Ramón sentía Montevideo en dos ritmos: uno prestissimo, representado por un fluir de coches creciente, profesionales con trabajos de tarde y mañana que partían volando cuando llegaba el fin de semana hacia los balnearios del este; y otro pausado, simbolizado en la viejita que observaba podando el césped con unas tijeras frente a su casa, amparada bajo una chepa que solo le permitía girar su rostro hacia un lado para mirar a la gente que pasaba. Iba despacito, apenas cortaba más de un metro cuadrado por día, pero al cabo de una semana, el pequeño trozo de pasto quedaba impecable. Si a alguien se le hubiese ocurrido llevar una máquina cortacésped, esa mujer hubiese muerto. A veces la veía en medio de la carretera, barriendo las hojas, ajena al tránsito, inmune al miedo. Solo ella y sus metros cuadrados de césped, solo ella y los árboles que vertían hojas secas, solo ella y su dignidad. Un cuerpo que parecía simbolizar algo que se extinguía. Un retorcimiento quizás solo debido a una protesta contra el paso del tiempo. Su sordera casi absoluta le aislaba del caos y del ruido. Un día, Ramón paró muy cerca su auto para saludarla. Ella mantuvo su mirada penetrante y subiendo y bajando la cabeza le dijo:
—Está refrescando... —y todavía sus ojos más fijos en él, añadió— Y mañana lloverá.
—¿No me diga? —contestó Ramón educadamente elevando el tono para que pudiera oírlo.

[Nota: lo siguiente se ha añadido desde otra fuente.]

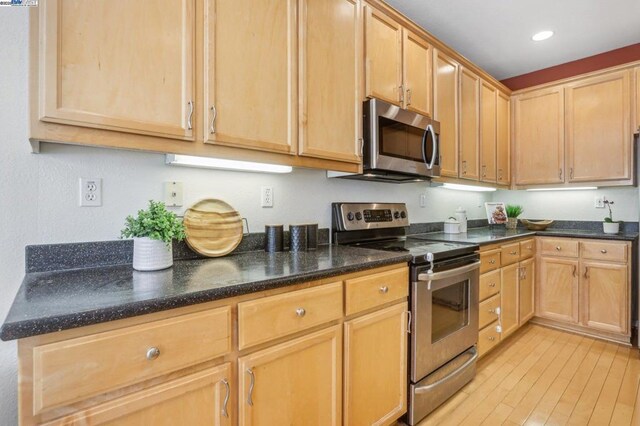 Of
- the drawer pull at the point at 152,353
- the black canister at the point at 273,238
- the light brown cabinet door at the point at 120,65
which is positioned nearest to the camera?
the drawer pull at the point at 152,353

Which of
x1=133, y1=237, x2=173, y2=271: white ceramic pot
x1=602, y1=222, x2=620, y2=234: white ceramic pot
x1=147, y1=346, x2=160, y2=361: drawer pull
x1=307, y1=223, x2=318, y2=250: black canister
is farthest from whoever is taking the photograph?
x1=602, y1=222, x2=620, y2=234: white ceramic pot

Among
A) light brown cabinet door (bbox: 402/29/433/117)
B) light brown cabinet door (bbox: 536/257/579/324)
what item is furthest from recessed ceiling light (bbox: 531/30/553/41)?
light brown cabinet door (bbox: 536/257/579/324)

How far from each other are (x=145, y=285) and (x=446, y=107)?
2.41m

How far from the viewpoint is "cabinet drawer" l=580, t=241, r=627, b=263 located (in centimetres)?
267

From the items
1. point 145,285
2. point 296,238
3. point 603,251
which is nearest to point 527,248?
point 603,251

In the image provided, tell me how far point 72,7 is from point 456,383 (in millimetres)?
2520

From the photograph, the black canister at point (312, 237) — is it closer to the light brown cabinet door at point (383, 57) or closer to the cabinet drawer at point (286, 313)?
the cabinet drawer at point (286, 313)

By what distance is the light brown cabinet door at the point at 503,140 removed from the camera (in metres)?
3.24

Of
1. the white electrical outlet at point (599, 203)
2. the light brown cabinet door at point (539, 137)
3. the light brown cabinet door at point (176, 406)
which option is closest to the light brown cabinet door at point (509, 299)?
the light brown cabinet door at point (539, 137)

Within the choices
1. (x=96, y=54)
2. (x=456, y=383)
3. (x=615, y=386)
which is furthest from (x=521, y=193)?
(x=96, y=54)

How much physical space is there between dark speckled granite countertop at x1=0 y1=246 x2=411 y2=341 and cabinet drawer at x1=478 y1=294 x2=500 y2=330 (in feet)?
3.54

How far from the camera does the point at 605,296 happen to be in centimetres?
275

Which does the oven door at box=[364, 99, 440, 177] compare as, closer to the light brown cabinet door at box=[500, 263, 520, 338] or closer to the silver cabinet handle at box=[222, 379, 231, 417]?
the light brown cabinet door at box=[500, 263, 520, 338]

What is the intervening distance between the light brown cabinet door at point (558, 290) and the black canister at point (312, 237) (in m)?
2.44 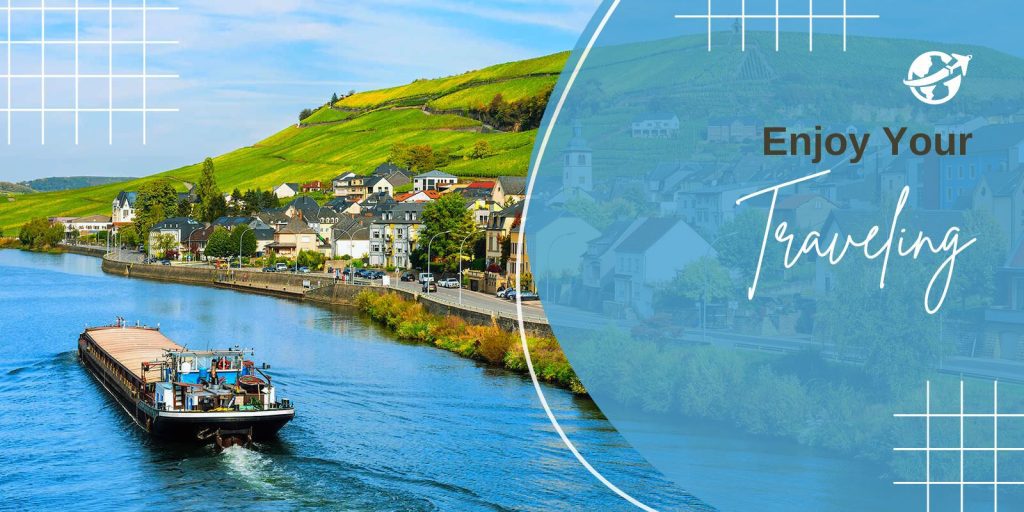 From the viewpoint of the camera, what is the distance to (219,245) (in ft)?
297

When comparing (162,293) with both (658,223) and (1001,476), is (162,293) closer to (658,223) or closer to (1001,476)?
(658,223)

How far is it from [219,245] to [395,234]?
1936cm

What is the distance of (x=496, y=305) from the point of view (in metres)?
46.8

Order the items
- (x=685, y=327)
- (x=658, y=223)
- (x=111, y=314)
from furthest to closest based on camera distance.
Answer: (x=111, y=314), (x=685, y=327), (x=658, y=223)

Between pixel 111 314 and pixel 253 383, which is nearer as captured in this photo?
pixel 253 383

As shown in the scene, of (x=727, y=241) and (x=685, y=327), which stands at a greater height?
(x=727, y=241)

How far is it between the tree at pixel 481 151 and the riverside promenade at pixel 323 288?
3437 cm

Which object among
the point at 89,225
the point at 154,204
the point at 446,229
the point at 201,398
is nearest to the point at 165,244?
the point at 154,204

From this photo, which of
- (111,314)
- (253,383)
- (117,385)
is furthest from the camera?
(111,314)

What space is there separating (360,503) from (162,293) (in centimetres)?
5163

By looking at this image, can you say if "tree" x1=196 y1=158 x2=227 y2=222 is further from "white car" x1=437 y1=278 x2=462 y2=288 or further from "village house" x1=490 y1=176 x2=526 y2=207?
"white car" x1=437 y1=278 x2=462 y2=288

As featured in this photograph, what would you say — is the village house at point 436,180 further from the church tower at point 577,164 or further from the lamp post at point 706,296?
the lamp post at point 706,296

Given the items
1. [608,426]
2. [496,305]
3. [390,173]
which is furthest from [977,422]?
[390,173]

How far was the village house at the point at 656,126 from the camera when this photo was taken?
20.9 m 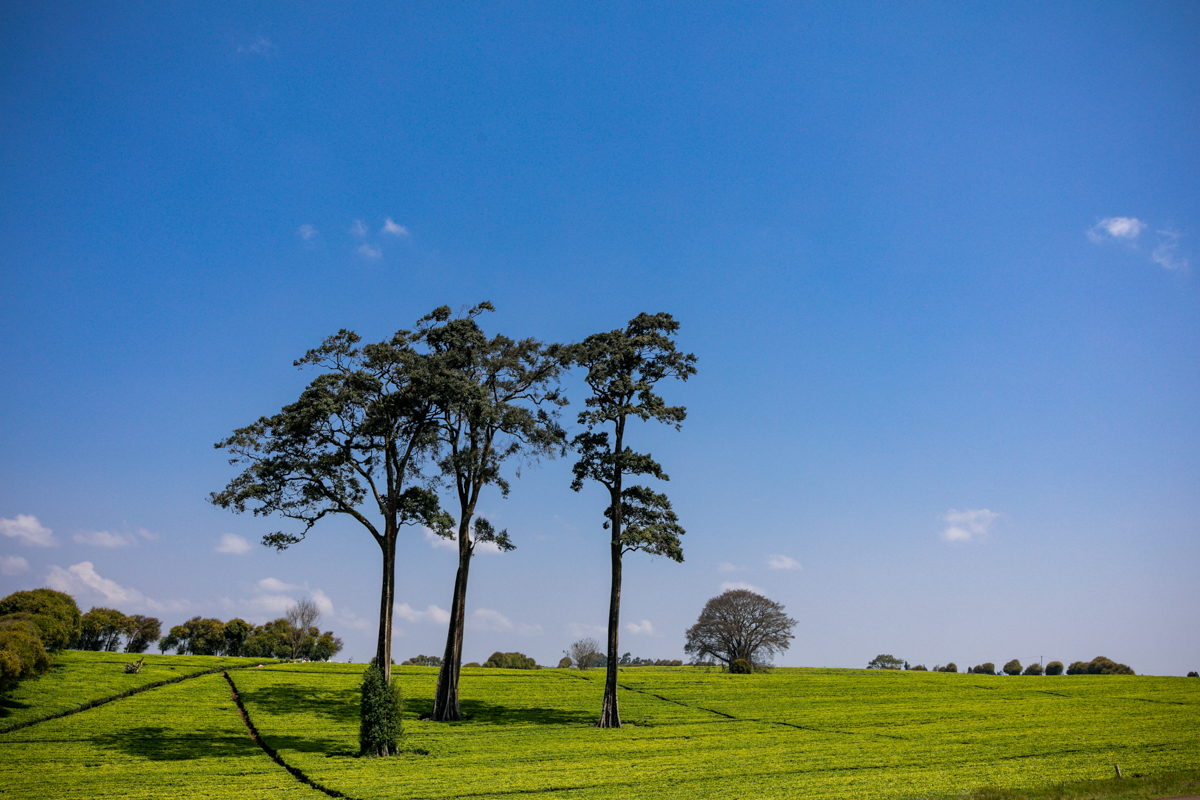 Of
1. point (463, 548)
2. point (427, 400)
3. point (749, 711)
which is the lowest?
point (749, 711)

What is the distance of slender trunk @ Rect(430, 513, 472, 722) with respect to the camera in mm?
36844

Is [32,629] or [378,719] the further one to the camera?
[32,629]

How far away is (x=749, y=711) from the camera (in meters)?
41.1

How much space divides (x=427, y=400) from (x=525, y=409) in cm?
819

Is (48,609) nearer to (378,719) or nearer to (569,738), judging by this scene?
(378,719)

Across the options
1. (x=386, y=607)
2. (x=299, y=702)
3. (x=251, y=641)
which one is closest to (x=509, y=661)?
(x=251, y=641)

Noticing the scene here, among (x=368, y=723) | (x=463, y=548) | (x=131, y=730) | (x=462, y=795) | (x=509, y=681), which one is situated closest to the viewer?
(x=462, y=795)

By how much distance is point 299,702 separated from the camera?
130 ft

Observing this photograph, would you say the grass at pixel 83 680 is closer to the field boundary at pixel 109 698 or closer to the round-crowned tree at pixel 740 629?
the field boundary at pixel 109 698

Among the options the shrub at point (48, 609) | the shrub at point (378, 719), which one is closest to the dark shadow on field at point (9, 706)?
the shrub at point (48, 609)

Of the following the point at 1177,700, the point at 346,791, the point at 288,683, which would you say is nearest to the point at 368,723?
the point at 346,791

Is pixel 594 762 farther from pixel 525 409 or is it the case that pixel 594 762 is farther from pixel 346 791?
pixel 525 409

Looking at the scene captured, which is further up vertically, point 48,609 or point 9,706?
point 48,609

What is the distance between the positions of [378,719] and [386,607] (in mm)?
4419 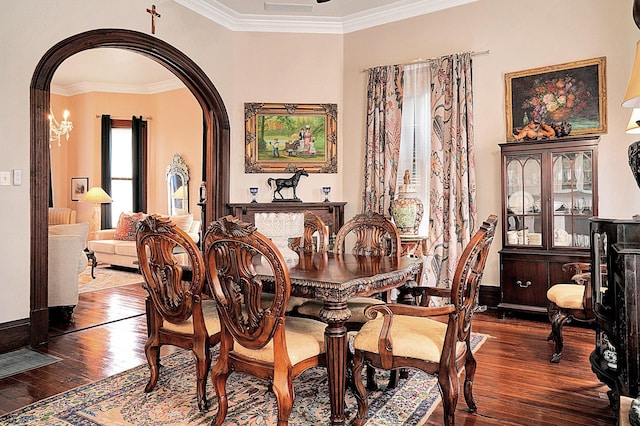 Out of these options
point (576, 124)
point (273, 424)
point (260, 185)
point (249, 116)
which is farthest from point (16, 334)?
point (576, 124)

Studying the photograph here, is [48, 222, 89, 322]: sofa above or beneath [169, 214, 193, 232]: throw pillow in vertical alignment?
beneath

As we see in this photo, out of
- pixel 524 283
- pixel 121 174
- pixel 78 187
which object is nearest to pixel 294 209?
pixel 524 283

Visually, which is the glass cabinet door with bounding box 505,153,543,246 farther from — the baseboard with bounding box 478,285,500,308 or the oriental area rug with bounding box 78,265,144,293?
the oriental area rug with bounding box 78,265,144,293

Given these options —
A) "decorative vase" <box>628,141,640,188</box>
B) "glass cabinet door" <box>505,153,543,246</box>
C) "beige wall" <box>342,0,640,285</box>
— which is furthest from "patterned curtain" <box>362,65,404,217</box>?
"decorative vase" <box>628,141,640,188</box>

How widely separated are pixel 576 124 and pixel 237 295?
12.5ft

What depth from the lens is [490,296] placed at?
477 centimetres

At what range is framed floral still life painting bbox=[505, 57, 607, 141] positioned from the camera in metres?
4.20

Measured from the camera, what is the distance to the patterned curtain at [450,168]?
15.6ft

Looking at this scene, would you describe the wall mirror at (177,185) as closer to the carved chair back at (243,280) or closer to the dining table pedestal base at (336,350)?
the carved chair back at (243,280)

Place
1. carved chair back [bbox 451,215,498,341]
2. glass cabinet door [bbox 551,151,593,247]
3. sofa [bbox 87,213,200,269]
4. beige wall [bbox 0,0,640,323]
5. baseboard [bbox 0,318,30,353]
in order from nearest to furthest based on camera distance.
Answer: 1. carved chair back [bbox 451,215,498,341]
2. baseboard [bbox 0,318,30,353]
3. beige wall [bbox 0,0,640,323]
4. glass cabinet door [bbox 551,151,593,247]
5. sofa [bbox 87,213,200,269]

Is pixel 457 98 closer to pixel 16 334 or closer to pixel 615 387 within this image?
pixel 615 387

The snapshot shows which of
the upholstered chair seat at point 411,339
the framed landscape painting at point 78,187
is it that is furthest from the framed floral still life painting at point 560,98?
the framed landscape painting at point 78,187

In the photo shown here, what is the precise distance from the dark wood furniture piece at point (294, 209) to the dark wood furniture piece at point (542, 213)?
6.53 feet

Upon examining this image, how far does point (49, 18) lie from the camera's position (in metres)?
3.69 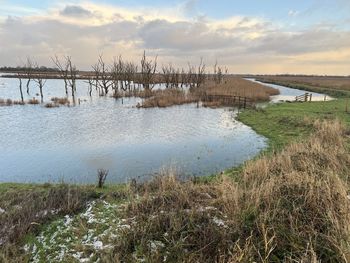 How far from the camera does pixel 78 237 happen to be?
6.27m

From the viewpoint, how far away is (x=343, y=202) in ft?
20.6

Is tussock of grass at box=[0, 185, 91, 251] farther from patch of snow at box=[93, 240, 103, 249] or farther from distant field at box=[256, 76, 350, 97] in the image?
distant field at box=[256, 76, 350, 97]

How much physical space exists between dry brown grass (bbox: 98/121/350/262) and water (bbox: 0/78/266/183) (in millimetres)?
3155

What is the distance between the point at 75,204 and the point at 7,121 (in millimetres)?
20806

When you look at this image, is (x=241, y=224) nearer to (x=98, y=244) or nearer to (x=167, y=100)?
(x=98, y=244)

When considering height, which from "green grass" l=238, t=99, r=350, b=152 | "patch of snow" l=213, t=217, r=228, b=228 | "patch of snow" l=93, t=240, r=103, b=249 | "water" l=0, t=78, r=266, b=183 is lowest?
"water" l=0, t=78, r=266, b=183

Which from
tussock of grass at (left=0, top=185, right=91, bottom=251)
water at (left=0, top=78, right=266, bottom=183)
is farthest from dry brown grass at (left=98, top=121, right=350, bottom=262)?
water at (left=0, top=78, right=266, bottom=183)

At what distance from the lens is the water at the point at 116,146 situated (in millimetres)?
12404

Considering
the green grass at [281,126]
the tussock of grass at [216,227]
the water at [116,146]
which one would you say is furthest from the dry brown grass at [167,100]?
the tussock of grass at [216,227]

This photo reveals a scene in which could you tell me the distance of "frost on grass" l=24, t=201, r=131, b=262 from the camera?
225 inches

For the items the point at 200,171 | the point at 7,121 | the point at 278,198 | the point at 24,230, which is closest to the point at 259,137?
the point at 200,171

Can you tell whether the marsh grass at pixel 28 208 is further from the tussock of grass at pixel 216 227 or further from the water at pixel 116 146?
the water at pixel 116 146

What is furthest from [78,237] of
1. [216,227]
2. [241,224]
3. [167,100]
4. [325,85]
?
[325,85]

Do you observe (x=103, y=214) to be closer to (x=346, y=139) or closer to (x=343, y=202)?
(x=343, y=202)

—¿Cómo que no me diga? —le reprimió la señora—, ¡si todo el mundo lo sabe!
Ramón tuvo que continuar el trayecto forzado por el coro de cláxones que pedían ahora un allegro prestissimo con fuoco, sin poder controlar el escalofrío que recorría su cuero: «Algo sabía todo el mundo que él desconocía». Un misterio que, pese a todos sus esfuerzos, pese a sentirse parte de la comunidad montevideana, todavía le impedía ser de allí.